Ahh... a New Year...
People throwing around resolutions and pledges, left and right...here and there.
Commercials and ads, and tv shows and articles...
All around me are suggestions for what I should be aiming for in this new year:
How I can better myself.
Become the new and improved me.
Loose weight and exercise more.
Get out of debt.
De-clutter my life.
Enjoy new experiences.
The list goes on...and on...
Normally I have a pretty lengthy list that I make for myself.
Naturally, I never write any of my resolutions down...So inevitably, I forget about them in a few months.
Or at least, forget about why I thought they were so important that I should make a huge drastic life altering change and commitment to, well, change.
Which leads me to to the reason, probably, why I never see lasting change in my life (in most cases)...
This word is huge.
It loometh large.
Way large, in my head.
I struggle with it...still.
Remaining constant towards a fixed mark...
Cultivating and training myself in areas that produce healthy new habits.
Persevering when I don't feel like it. At. All.
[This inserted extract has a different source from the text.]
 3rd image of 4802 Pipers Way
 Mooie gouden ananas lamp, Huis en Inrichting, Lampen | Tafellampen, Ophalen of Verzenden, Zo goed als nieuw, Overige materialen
I admit to you rather sheepishly–
in case I shall shock you speechless
and have you amass great disapproval for me...
I am inexplicably drawn to laziness–
Human nature at its lamest.
The desire to do nothing;
to expend the least amount of energy possible;
to settle for mediocrity, or less than,
and try to pass it off as fabled accomplishment.
It's just too easy to walk down the lazy man's path...
We, humans, are destined to do and be great things.
Because our father is a King.
King of the Universe, and beyond.
I am made for so much more than,
half-hearted life attempts,
and so forth.
So this year.
2011.My resolution is to cultivate: Discipline.
In so doing, I should be able to tackle all the rest of these items, right?
Discipline is keyKey to everything and all the rest.
–and uh..writing things down helps a lot too. :)
So here's hoping you too make some divinely inspired goals for the new year
and stick to them with resolve and perseverance.